- Date: 19 September 1992
- Venue: O'Higgins Park
- Locations: Santiago, Chile
- Country: Chile

= 1992 Chilean Military Parade =

Military parade held in Santiago, Chile

The 1992 Chilean Military Parade was held at O'Higgins Park in Santiago on 19 September 1992 to commemorate the Day of the Glories of the Army.

The military parade was attended by President Patricio Aylwin, the president of the Senate and Army commander-in-chief Augusto Pinochet, with contingents of the Chilean Armed Forces and Carabineros de Chile participating in the ceremony.

== Parade ==
The parade was commanded by Army Brigadier General Guido Riquelme Andaur, who appeared on horseback for the first time. Aylwin arrived at the ceremony in a horse-drawn carriage accompanied by Defence Minister Patricio Rojas.

Among the features of the 1992 ceremony was the return of sailors from the Alejandro Navarrete Cisterna Sailors' School to the parade after an absence of more than twenty years. The Naval Infantry also presented its military band for the first time during the parade.

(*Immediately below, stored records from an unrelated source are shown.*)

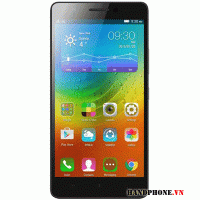 Lenovo K80 RAM 2GB Black Lenovo K80 RAM 2GB Black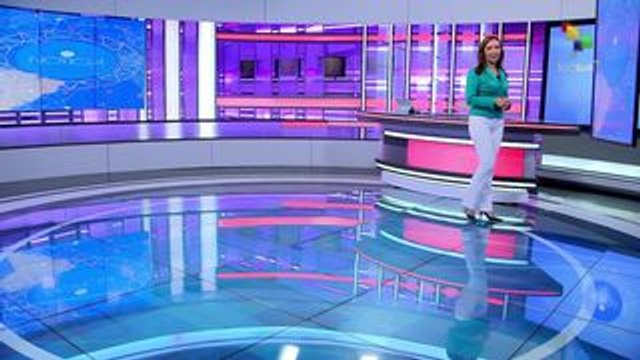 Es Noticia: Movimientos de Ecuador celebran derogación del decreto 883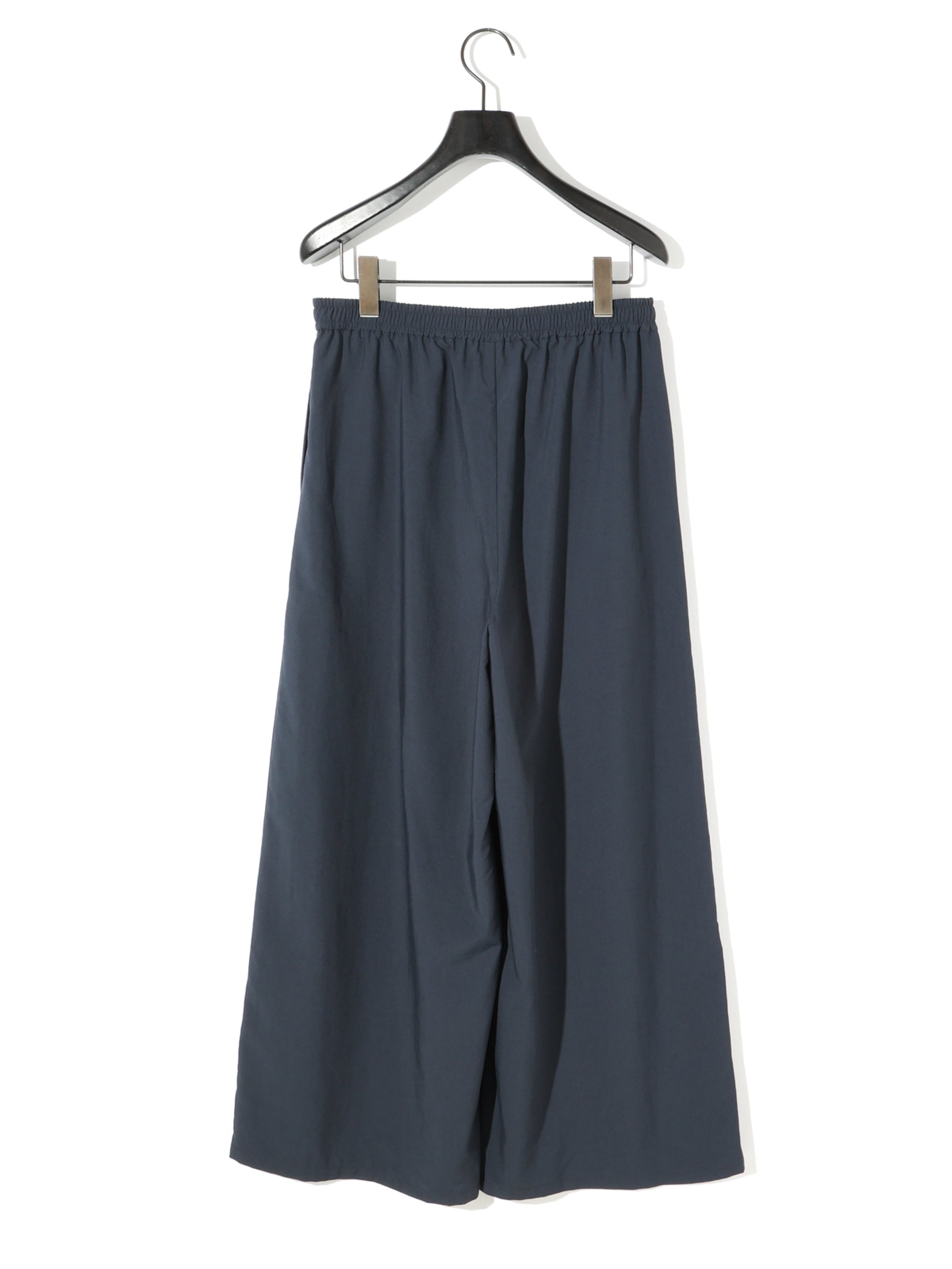 easy baggy slacks.S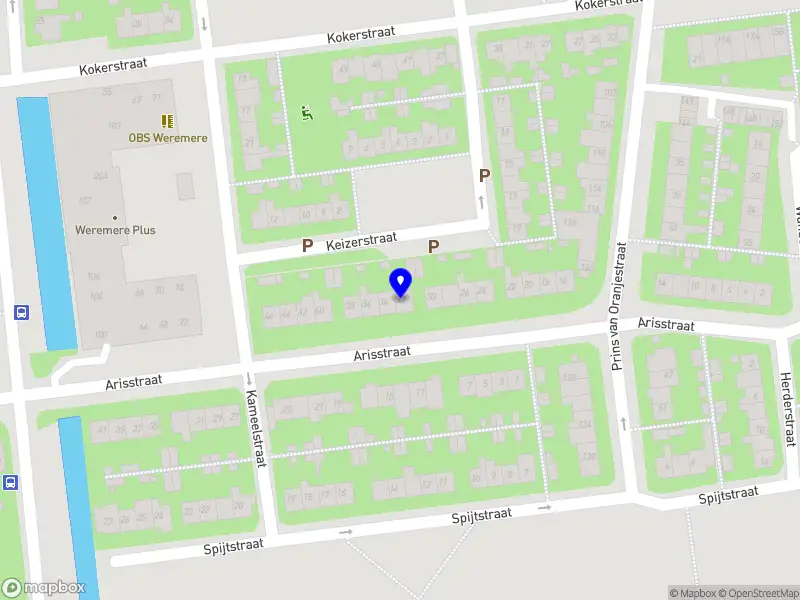 Nieuw bedrijf Abako Administratie & Advies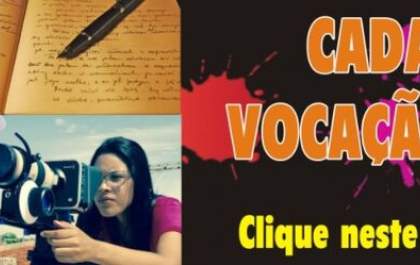 Penápolis realiza cadastro de vocação artística para levantar demandas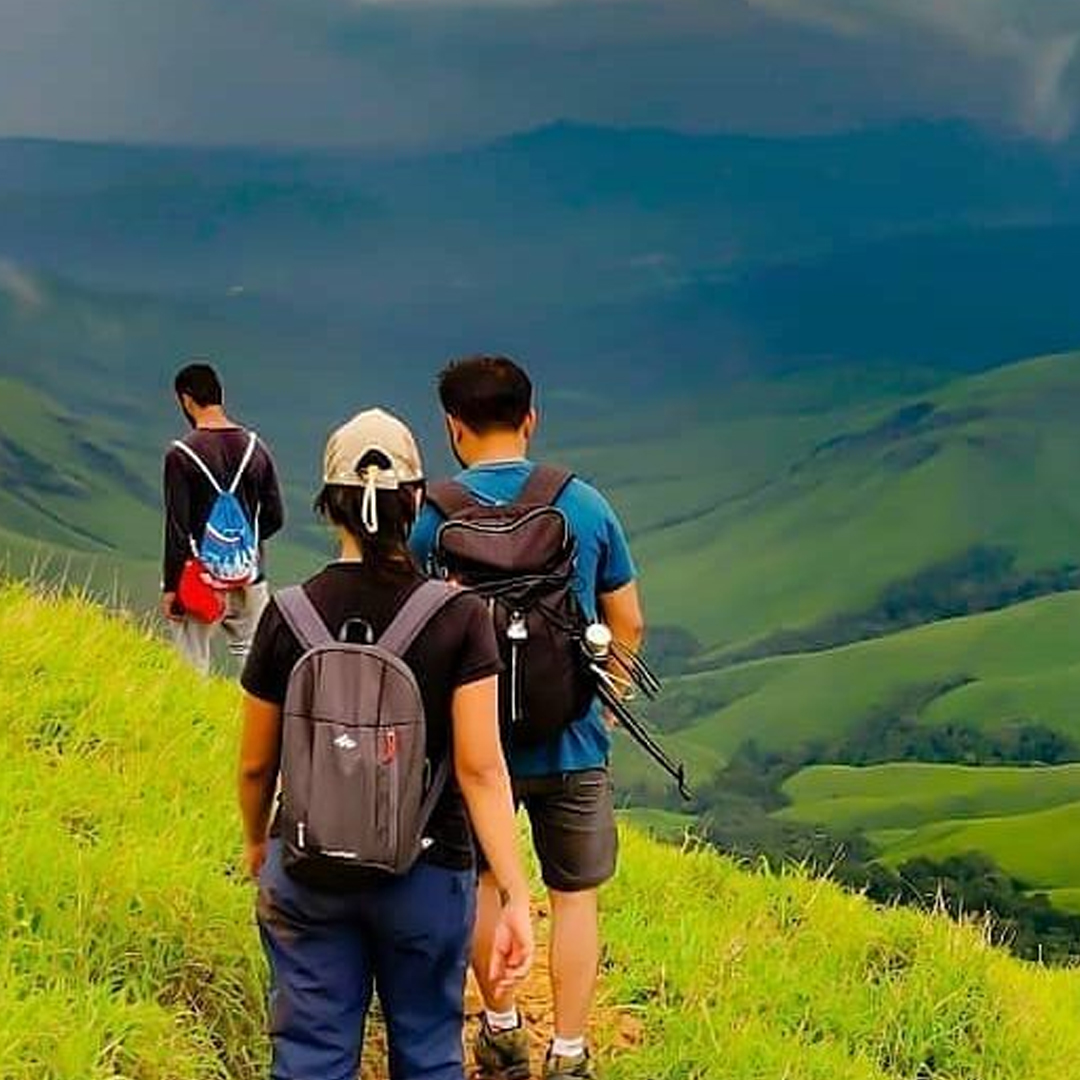 ad one way taxi service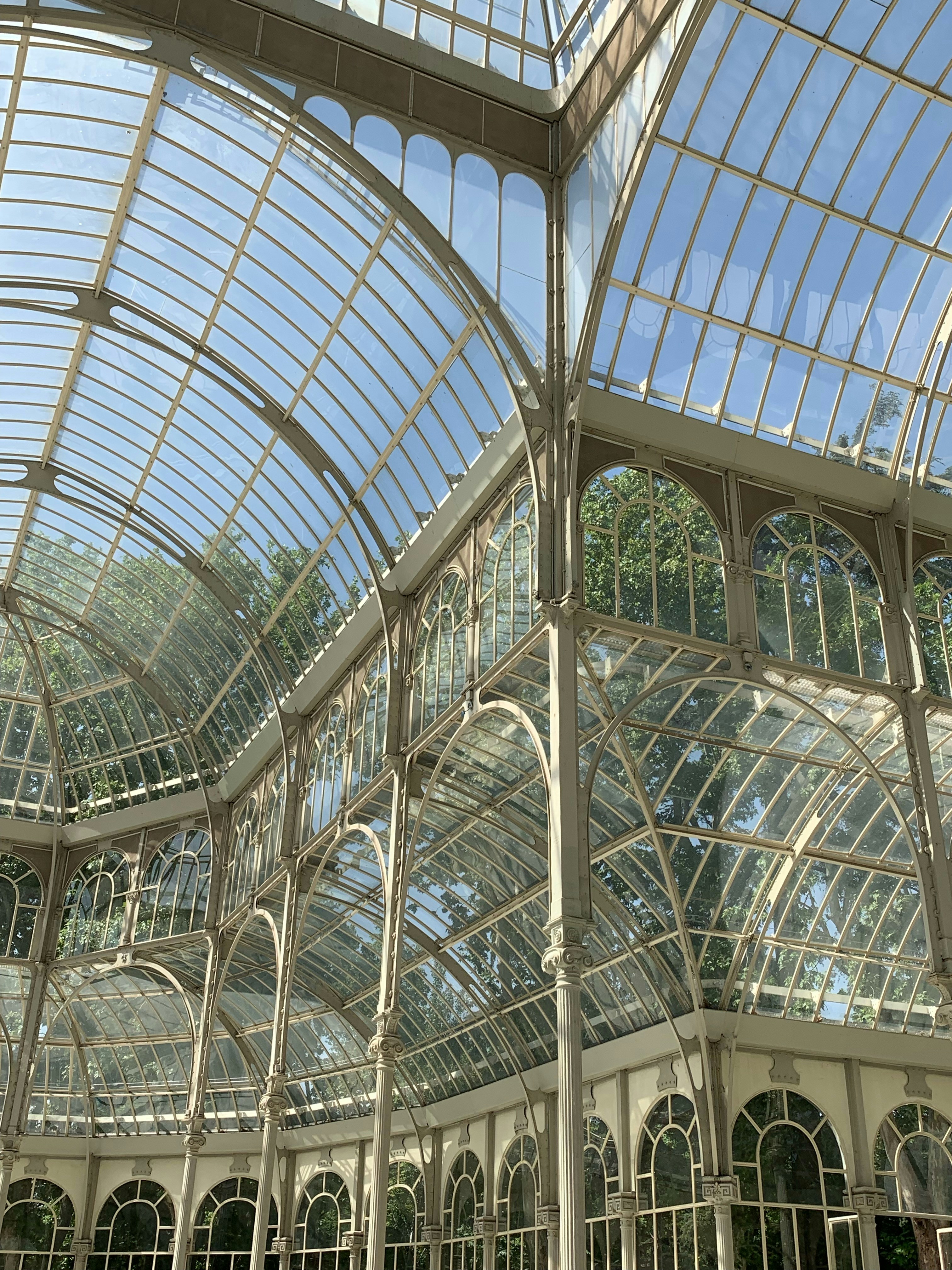 Photo by sarisortiz16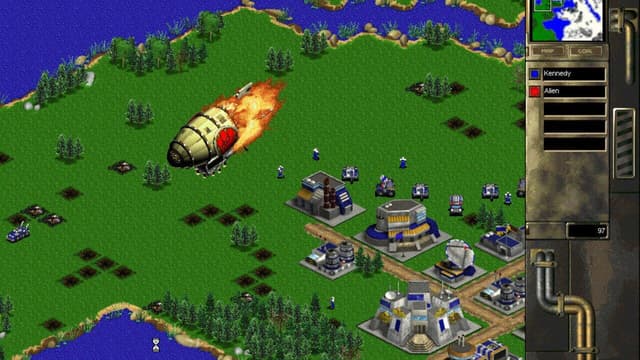 Screenshot 7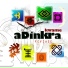 Kwame Adinkra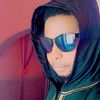 sadiqsalis2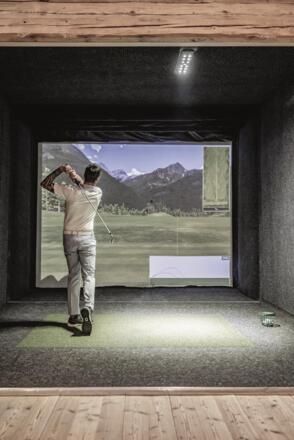 gurgl_indoor_golf_02_23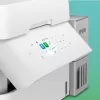 Epson EcoTank ET-3956 tindiprinter A4 4800 x 1200 DPI 35 lk/min Wi-Fi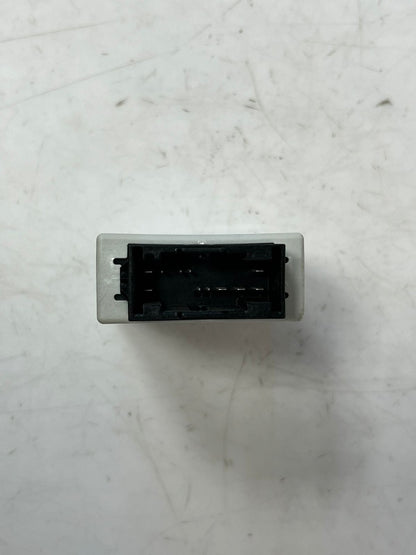 2016-2019 BMW 740i 750i G11 G12 Steering Column Control Module 6881835 OEM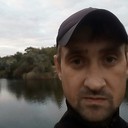 ���������� ����������, ���� ������� �������, 37 ���, ������������ ��� ������, ����� � ���������, c�������� ���������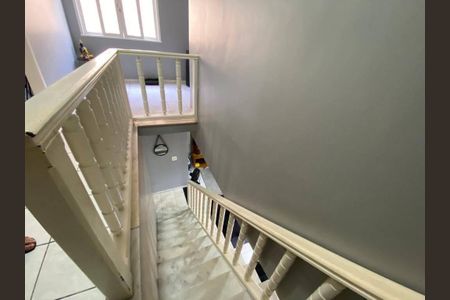 Casa à venda com 180m², 5 quartos e 2 vagas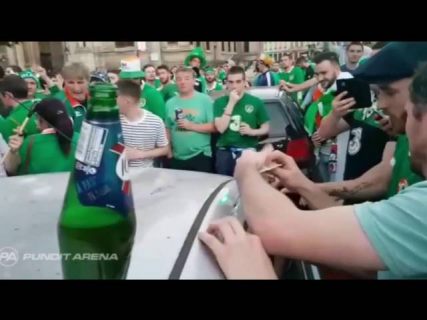 Сами сломали, сами починили в Магадане « автомагадан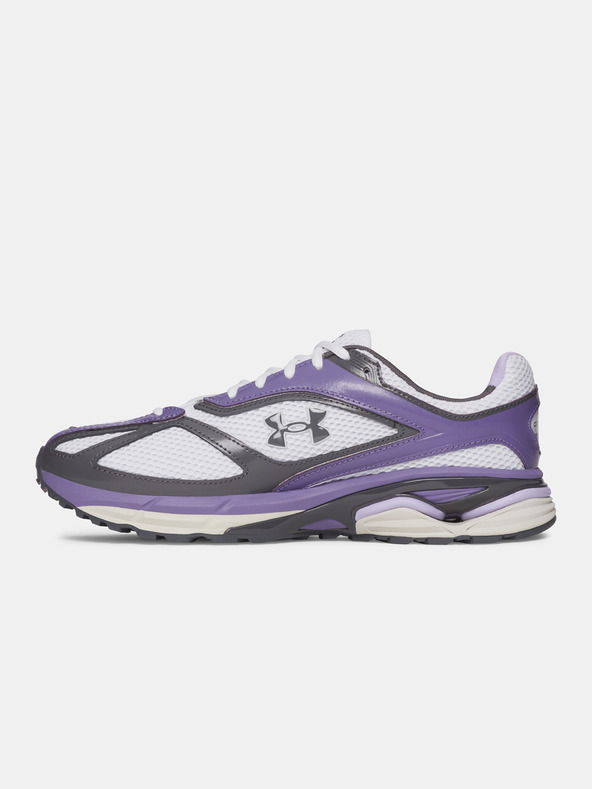 Under Armour Unisex cipele Under Armour UA HOVR Apparition RTRFTR TC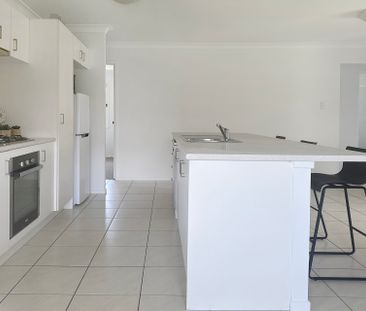 75 Magellan Circuit, - Photo 6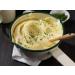 Batchelors Smash Instant Mashed Potato 6 x 176g - Original Flavor | Quick & Easy Meal Option - Buy Online on SooperMarket.com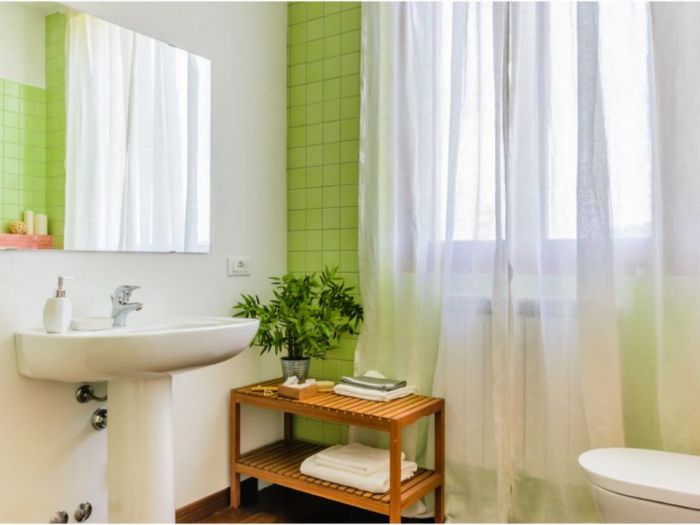 Archisio - Venduta A Prima Vista - Progetto Simply minimal home staging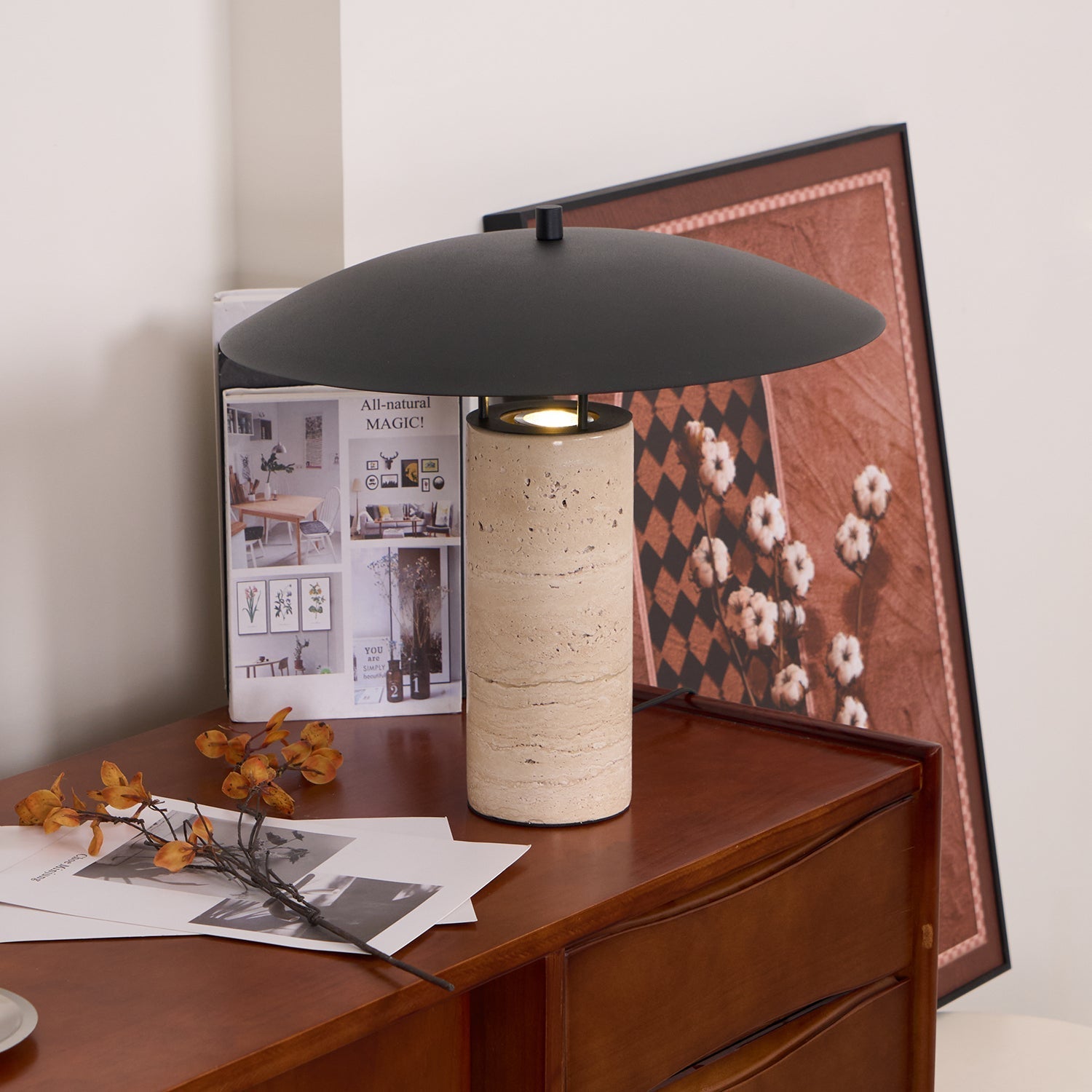 luna-table-lamp-anzaz--19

The Chilean Air Force Aviation School appeared in a new uniform, while the ceremony continued with the traditional presentations of the military and police institutions.

An archival recording preserved by the Alberto Hurtado University documents Aylwin's attendance alongside the president of the Senate and Pinochet. A separate complete recording also preserves the ceremony and its military presentations.